The difference is one of authority. Goldman's authority to kill isn't accepted by society at large, whereas the due process of election, appointment, induction, training, and periodic evaluation is so accepted. You can argue about whether or not that acceptance is a good thing or a bad thing, and Goldman likely felt it was a bad thing, but that acceptance is the fundamental difference.

The presumption that individual violence is wrong follows from this systemization of it. When it wasn't, we did commit individual violence with no reason. This is rapidly apparent in watching children interact without intervention: they exhibit the full range of human extremes in both cooperating spectacularly but also in conflicting violently. By systematizing it, we've made it rare and remarkable.
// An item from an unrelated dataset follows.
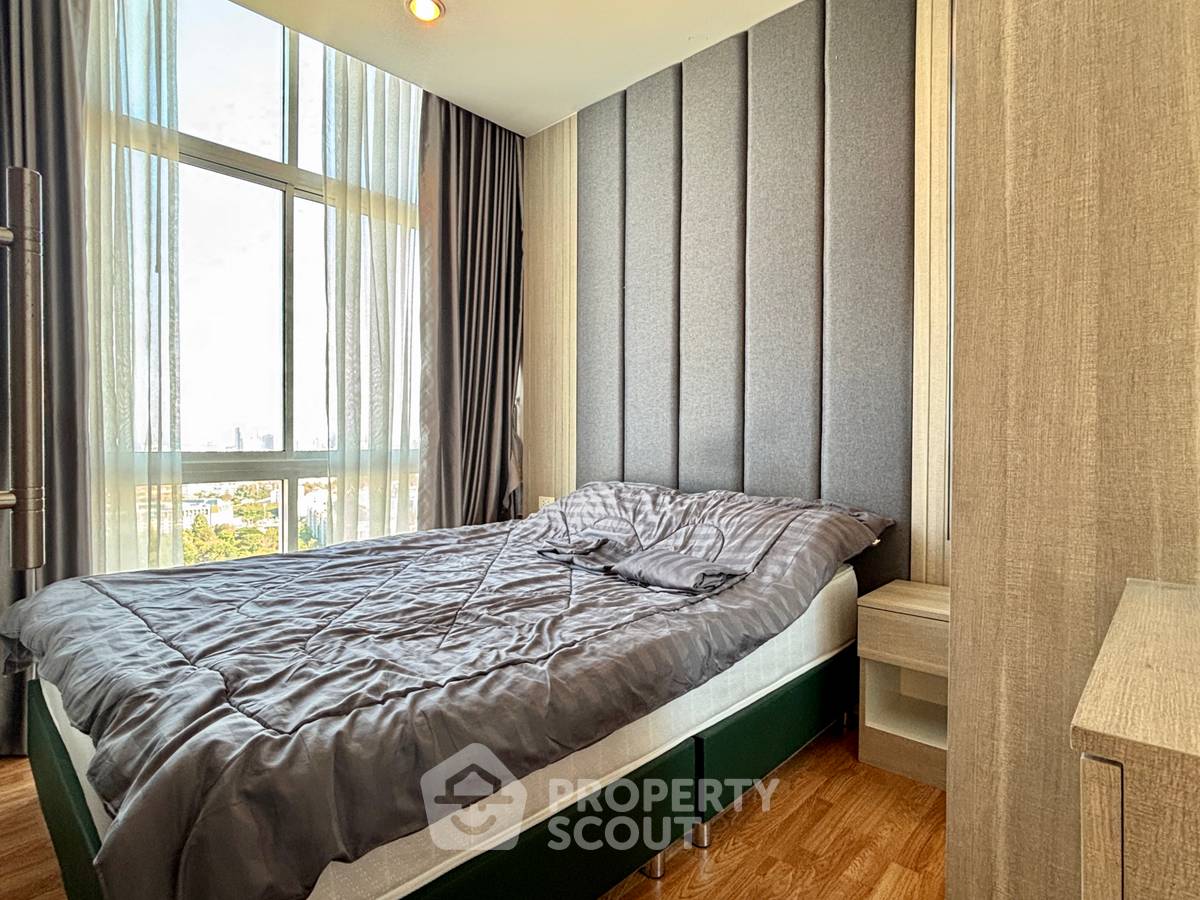 รูป คอนโด 2 ห้องนอน ชั้น 29 The Twin Tower หาดจอมเทียน (ID 3281089) - รูปที่ 17/20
And because it stands out, it's now considered wrong.



Well put.

The consequences of that are where things get interesting:

When violence is systemized we consider it OK. When something stands out we consider it wrong. Authority is presumed to be benevolent (or, at least, extra-moral).


> Authority is presumed to be benevolent (or, at least, extra-moral).

It's subtler than that, though with our current standard of civics education it's not apparent.

It's that we presume that we ourselves is correct, and since we ourselves are a source of authority, then the authority we contribute to must therefore be correct. Benevolence has nothing to do with it; it's just egocentrism. We don't think of ourselves as nice; we think of ourselves as right.